É verdade que houve Markovic ao nível de um predestinado na primeira parte, é verdade que houve Oblak imbatível o jogo todo e chamado a serviço porque o Vitória não levou o autocarro para o relvado, é também verdade de que houve Luisão a cumprir o seu compromisso número 400 pelo Benfica com uma exibição categórica.
É verdade tudo isto mas Jardel, honra lhe seja feita, foi o homem do jogo porque uma figuraça daquelas, de cabeça entrapada até ao intervalo e, depois, por toda a segunda parte, usando como protecção um notável elmo de borracha e adesivos, inspirado no figurino do primeiro rei de Portugal, tem de ser forçosamente a figura da noite.
O adereço medieval transfigurou-o. Entrou no personagem régio e chegou para tudo e para todos. Uma limpeza. Fez esquecer Garay, é verdade.
No entanto, seria bom não vender Garay até ao final do mês para a Rússia. Isto, claro, se o Benfica quiser mesmo lutar pelos títulos a que concorre.
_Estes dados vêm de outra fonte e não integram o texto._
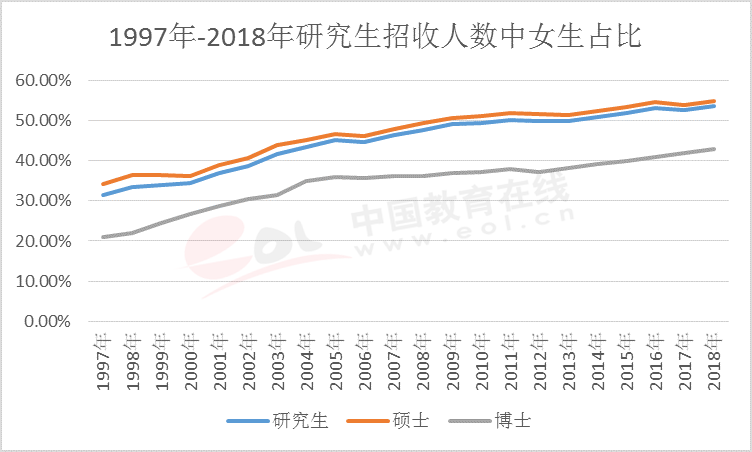 积极实施人口老龄化国家战略(2)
Porque com Luisão, Garay, Jardel e Steven Vitória, o eixo da defesa parece dar garantias de coesão. 
E coesão foi o que mais se viu mais na noite de segunda-feira no Estádio da Luz. Sem ter feito uma exibição por aí-além, o Benfica ganhou muito bem os três pontos que estavam em causa.
É essa a nossa causa. É que não vejo outra.